Figure 4. RNF40 phosphorylation promotes PLK1 localization, microtubule nucleation, and accurate chromosome segregation

The acetylation-phosphorylation dynamic switch serves as a temporal gate for cascade activation

To explore whether RNF40 is inhibited by any modification during interphase, the researchers found that RNF40 is acetylated by PCAF during interphase (G1/S phase), and this modification is removed by HDAC1 as the cell cycle enters G2/M phase.
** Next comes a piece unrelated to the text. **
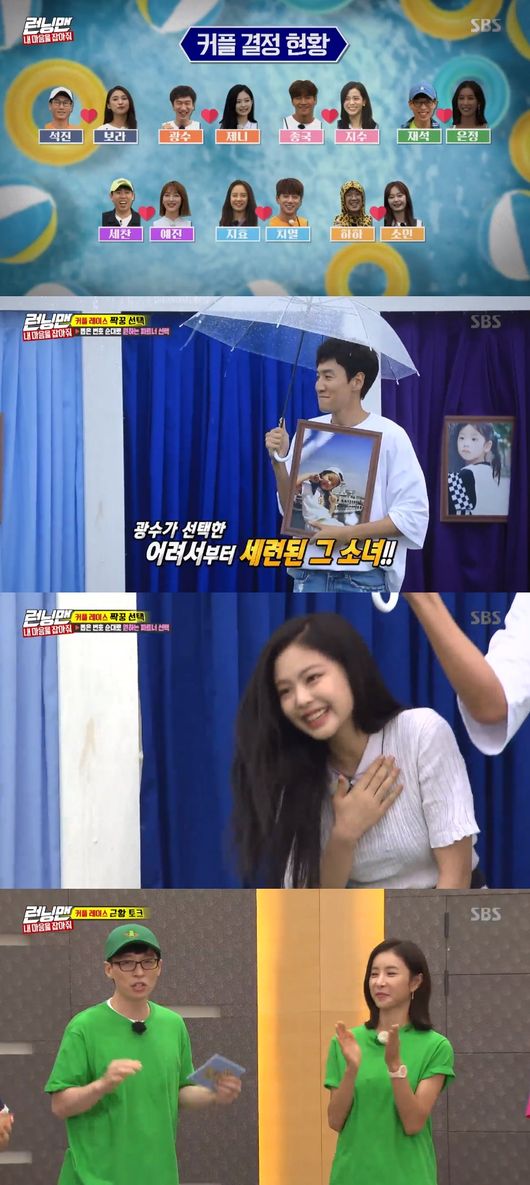 Black Pink Jenny Kim has made her way to the new pompous spot in Running Man; as she pulled the bomb to the end, she became the lead character in the final penalty with Lee Kwang-soo.On SBS Running Man broadcasted on the afternoon of the 15th, a couple held my heart.The guests included Hwang Chi-yeul, Black Pink Jenny Kim, JiSoo, actor Yoon Bora, Pyo Ye Jin and Han Eun-jung.Couples began by partnering with all-time idol guest appearances; guests were hiding behind seven curtains, including Jeon So-min and Song Ji-hyo.Haha and Hwang Chi-yeul were to be selected as partners in sixth and seventh places, respectively; each had pictures of their childhood in front of seven curtains.Hwang Chi-yeul ended partner selection after a tactJi Suk-jin and Yoon Bo-ra, Lee Kwang-soo and Jenny Kim, Yang Se-chan and Pyo Ye-jin, Yoo Jae-suk and Han Eun-jung, Kim Jong-kook were JiSoo, Haha and Jeon So-min, Hwang Chi-yeul and Song Ji-hyo It was decided to be a couple.Black Pinks Jenny Kim and JiSoo, who starred in Running Man as their first terrestrial entertainment, appeared for the second time.Jenny Kim and JiSoo sent a video letter to Yang Hyun-suk to work a lot.Let me be active twice a year, said Jenny Kim and JiSoo. Now we have to do it.Get Me My Heart was a race with two bomb bags and two heart bags in 14 bags.Each round winning couple could replace the bag, both bombed couples were penalised and both heart-in couples could pick a range of items from red ginseng to coupling.The main character in the first heart bag was Yoo Jae-Suk, and the main character in the first bomb bag was Lee Kwang-soo.The first event to be held with the bag replacement was I am talented, and I was able to get the chance to change the bag by the first couple by picking up two of the talents of seven guests.The first event was custom dance, with the owner being Jenny Kim, who had to dance to the concept that was chosen regardless of music, but gave up at the Power Concept.Following Jenny Kim, Jeon So-min was the top model for custom dance; Jeon So-min was the top model for bizarre dance after going through sexy and Power.Jeon So-min has been recognized by owner Jenny Kim for her magnetism dance, which puts a spoon on her body.Hwang Chi-yeul, a famous dancer in Gumi, also played a fantastic dance and played the concept like a candle.Han Eun-jung also showed off his wild charm.Han Eun-jung, who started with a basic dance, suddenly took off his clothes at the Power concept and embarrassed the viewer.Han Eun-jung laughed as he burned his passion for dancing, with Bora showing off her solid dance skills as a SeSTa native.The main character of the second event, the three-way poem, was the one with the title of the title, and the other was not very popular.Jenny Kim was Lee Kwang-soo, who was in first place in the third row.Han Eun-jung excused Kim Jong-kook for Top Model in the trilogy but lost his pulse; Yoon Bora also performed a bold trilogy with Kim Jong-kook.Yoon Bo-ra was devastated by Kim Jong-kooks heart; the first in the three-way charm poem was Jenny Kim.Yoon Bo-ra, the top-notch custom dancer, took a heart card from Yoo Jae-Suk, and Jenny Kim and Lee Kwang-soo, the first in the three-way charm, sent a bomb card to JiSoo and received an empty card.The second bag replacement mission was the Mirrors Room vs Horror Room, where two couples passed through each room with water, leaving more of the remaining teams to win; the late team deducted half the amount of water.Because it was a couple of seven, the couple who confronted the production team were Gwangsu and Jenny Kim.The winner of the horror and mirrors room confrontation was JiSoo, but the laughter was made by Jenny Kim.Finally and JiSoo couple beat Ji Suk-jin and Yoon Bo-ra couple, while Haha and Jeon So-min beat Yoo Jae-Suk and Yoo Jae-Suk.Lee Kwang-soo and Jenny Kim choiced the horror room in a confrontation with the production team, and Jenny Kim rushed out of control but was terrified, and Lee Kwang-soo eventually got ahead again.Jenny Kim eventually threw a glass of water down as she cried; Jenny Kim held Lee Kwang-soo and kept her from moving.Jenny Kim did not stop crying when she escaped from the room; JiSoo took Yoon Bo-ras heart and turned over the bomb card.The final race was a mission to find a heart card while riding a ride, but anyone with a bomb card could not ride it, and had to take the bomb card by ripping off the name tags of other couples.Jenny Kims bluff continued: Jenny Kim told Lee Kwang-soo that she could ride well but Jenny Kim was not a fan of it.Jenny Kim was exhausted as she walked up the stairs, Lee Kwang-soo terrified in front of the dreaded ride.Lee Kwang-soo came down on the ride and asked to be punished because he could not ride.But Jenny Kim came down from the ride, picked up a heart, and went to ride another ride.The owners of the bombs set out to name the Hwang Chi-yeul.Yoon Bo-ra and Ji Suk-jin named the Song Ji-hyo and Hwang Chi-yeul couple as owners of the bomb.Song Ji-hyo and Hwang Chi-yeul deceived Yoon Bo-ra and Ji Suk-jin.Yang Se-chan did not name Yoon Bo-ra, but exchanged bombs with Choices for Yoon Bo-ra.Yoon Bo-ra and Ji Suk-jin finally got a heart by ripping apart Lee Kwang-soo and Jenny Kims name tag.Power sister Han Eun-jung couldnt hide her fears in front of the ride.Yoo Jae-Suk persuaded Han Eun-jung, who pretended to ride the ride and gave up.Eventually, Yoo Jae-Suk picked up Han Eun-jung and took another ride.Haha and Jeon So-min took first place; first picked up Hearts, and then took on another Hearts after riding the ride twice.Another couple also picked hearts on the rides. The second place was Yoon Bo-ra and Ji Suk-jin, who had bombs, and the third was JiSoo.Haha and Jeon So-min couple won gold coupling in first place, Yoon Bora and Ji Suk-jin in Hanwoo set, Kim Jong-kook and JiSoo in red ginseng set.Jenny Kim played a big role in the name tag tearing: Jenny Kim ripped the name tag of Yang Se-chan and the sign at the end of the blood struggle, but it was the origin when she exchanged bombs again.The only two teams with bombs went into Deathmatch.Jenny Kim has emerged anew with a pretty bang-on - eventually Lee Kwang-soo has a final penalty.Running Man screen captures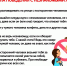 Международный день пропавших детей. - Комитет по молодежной политике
Experiments showed a clear antagonistic relationship between RNF40 acetylation and phosphorylation: inhibiting deacetylation significantly reduced RNF40 phosphorylation levels and its binding to CDK1. This demonstrates that RNF40 undergoes a dynamic transition of “interphase acetylation lock, followed by G2/M deacetylation and phosphorylation activation.” This modification switch acts as a temporal gate for signal transduction, precisely controlling the activation timing of the CDK1-RNF40-PLK1 signaling cascade.

Figure 5. PCAF-mediated acetylation of RNF40 inhibits its phosphorylation

Association of RNF40 modification abnormalities with tumorigenesis and therapeutic strategies

Functional validation experiments confirmed the biological significance of the RNF40 “acetylation-phosphorylation” switch: persistent acetylation mimic (2Q) directly caused microtubule nucleation defects and increased aneuploidy, while the double-mimic mutant (2Q-2E) fully reversed the phenotype, proving that the defects stem from insufficient phosphorylation. In animal experiments, tumors expressing the acetylation-mimetic mutant (2Q) showed significantly suppressed growth, with reduced tumor volume, lower proliferation index, and increased chromosome missegregation. Clinical data further supported this finding: RNF40 is highly expressed in colorectal cancer and positively correlates with cancer stage and lymph node metastasis. In addition, specific cancer-associated mutations in RNF40 block phosphorylation, leading to centrosome dysfunction.

Figure 6. Crosstalk between RNF40 acetylation and phosphorylation affects tumor growth

The study is the first to position RNF40 as a temporal node in centrosome maturation, revealing a precise post-translational modification switching strategy in the cell cycle. It provides a new perspective for understanding mitotic fidelity and tumorigenesis, and opens a new window for developing anti-cancer strategies targeting centrosome-spindle abnormalities.